Visa d'un « exploit ».
Me
revoici plongée dans mes questionnement sur « manger »
et sur sa représentation. On me demande de manger et c'est le propos
essentiel de cette intervention. Un rapide tour de l'univers et je
m'organise en exploratrice rationnelle. Je vais voyager du salé au
sucré... A chaque escale de mon vol,je mange quelque chose. Je ne
vous livrerai pas tous les secrets qu'un habitant (élève des
classes supérieure du lycée) vous dévoile avant de vous servir.
Me
voici vraiment en plein au centre des interrogations qui m'agitent.
Je mesure combien mon passage par « les arts du goûts »

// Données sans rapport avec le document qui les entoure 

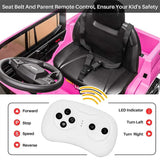 Pink toy car with black seat and steering wheel, featuring a seat belt and parent remote control.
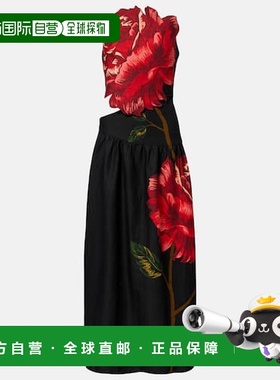 1h可退 香港直邮FARM RIO 女士 花朵装饰亚麻混纺酒会礼服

et ma réflexion actuelle me facilitent l'accès aux tables. Autour
de moi des gens regardent avec suspicion, reniflent de loin, reculent
devant un aspect … Le voyage est autant la visite d'un nouvel
univers qu'un voyage en soi, à la limite de ses habitudes et de sa
capacité à affronter l'étrange. On dévore les feuilles d'une
forêt, on gobe des méduses, on nage dans un bouillon bleu
effervescent, on se brûle à des nuages épicés, on suce la
banquise, on plonge dans des œufs végétaux, on puise la lave
blanche et parfumée des volcans, on colorie une mappemonde.
Une
fois que l'on a mis le produit dans sa bouche, passant outre l'aspect
dérangeant de la première impression, le goût revient et l'on peut
expérimenter la texture qui a troublé notre approche.
Chacun
part sur son propre circuit, les rencontres se font éphémères et
superficielles, sur les premières impressions, c'est avant tout un
parcours solitaire de naufragé volontaire. Après un abord aux
continents éclairés, on se réfugie dans la pénombre pour être
avec sa sensation qui ne peut être celle des autres et que les mots
ne sauraient transmettre.
Il m'a
manqué un peu de texte, un cheminement un peu plus narratif. C'est
mon côté théâtreuse...
Il est
vrai que cela aurait obligé à une extériorisation qui n'avais pas
sa place ici.
La
faim et la curiosité satisfaites, on se demande déjà ce que Julie
Rothhahn pourra trouver l'an prochain...
Manger
est un art, un art qui se partage, mais contrairement aux autres
arts, il se partage de l'intérieur.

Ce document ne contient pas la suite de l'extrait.